La méthode la plus efficace repose sur la régularité, plutôt que sur l’intensité. Des séances courtes, harmonieusement réparties sur la semaine, assorties d’un travail régulier de relecture et révisions. Pour l’élève, il est aussi important d’être régulièrement soumis à des évaluations qui prennent la forme des épreuves finales et d’en obtenir notes et corrections. Idéalement en réalisant certaines d’entre elles dans les conditions mêmes de temps imparti que les épreuves finales fin de s’entrainer aux circonstances particulières de l’examen.
Pour un élève français scolarisé à l’étranger, la préparation doit s’adapter à la scolarité locale, au décalage horaire et aux éventuels devoirs du CNED. Des enseignants titulaires de l’Éducation nationale assurent, en ligne et en direct, un accompagnement régulier. Cet encadrement aide à maintenir un rythme stable et à recevoir des retours précis sur les progrès accomplis, afin de préparer le brevet dans de bonnes conditions.
Comment s’inscrire au DNB en candidat individuel depuis l’étranger ?
L’inscription au DNB en candidat individuel s’effectue sur la plateforme Cyclades, mise en ligne par le rectorat de l’académie dont dépend le lieu de résidence.
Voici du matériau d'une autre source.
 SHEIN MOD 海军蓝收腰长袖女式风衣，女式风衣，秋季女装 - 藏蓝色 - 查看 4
La création d’un compte constitue une étape préalable obligatoire. Les délais varient selon les pays et les centres d’examen. Au Québec, par exemple, les inscriptions à la session annuelle sont ouvertes dès le mois d’octobre et se terminent au printemps suivant.
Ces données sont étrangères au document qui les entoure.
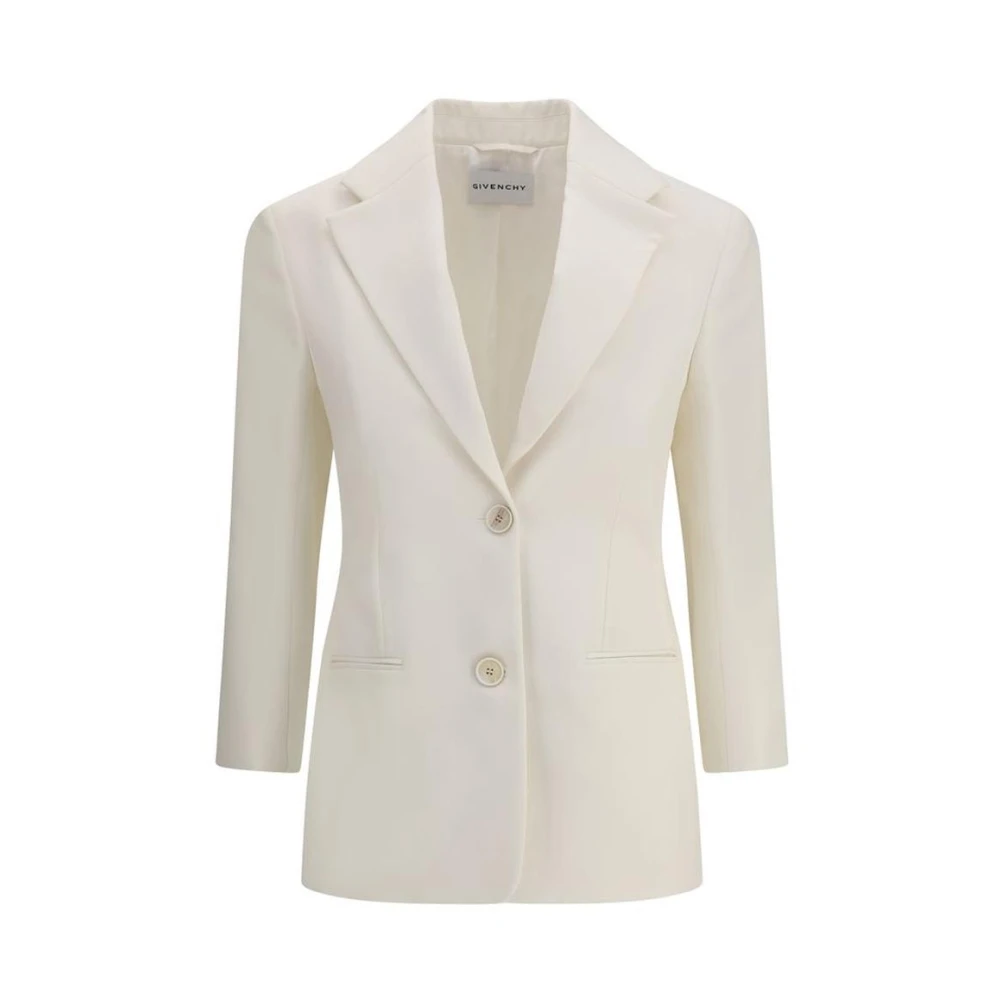 Givenchy Women's White Blazers, M, Wool Blazer With Notched Lapel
Certains centres facturent des frais d’inscription : ils s’élèvent à 230 dollars pour le DNB au Québec en 2026. Aucune affiliation à un enseignement à distance n’est exigée pour s’inscrire en candidat libre, mais une pièce d’identité est demandée. Pour connaître les règles applicables dans votre pays, contactez directement le centre d’examen ou l’académie de rattachement.
Quelle différence entre candidat scolaire et candidat individuel au brevet des collèges ?
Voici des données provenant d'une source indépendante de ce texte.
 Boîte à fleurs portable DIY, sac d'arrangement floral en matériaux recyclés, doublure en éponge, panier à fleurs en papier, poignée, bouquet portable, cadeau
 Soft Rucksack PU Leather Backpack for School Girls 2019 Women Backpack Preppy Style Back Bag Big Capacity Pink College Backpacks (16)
Le candidat scolaire est inscrit en classe complète réglementée au CNED, en 3e. Son inscription au DNB est prise en charge par le CNED, et ses notes de l’année sont intégrées au contrôle continu, qui représente 40 % du résultat final à partir de la session du brevet 2026. Il bénéficie ainsi d’une scolarité reconnue et validante, avec un cadre pédagogique organisé.
Le candidat individuel effectue lui-même les démarches d’inscription et ne bénéficie d’aucun contrôle continu. Son résultat repose entièrement sur les épreuves terminales, pour un total de 400 points. Le statut scolaire offre davantage de sécurité administrative et peut faciliter la réintégration dans le système scolaire français, sans test de niveau dans les situations prévues par la réglementation.
Le statut dépend de la situation scolaire de l’élève et du projet familial. Dans les deux cas, un suivi personnalisé peut aider l’élève à consolider ses connaissances en français, à s’exercer sur chaque type d’épreuve et à organiser ses révisions à partir des attendus du DNB.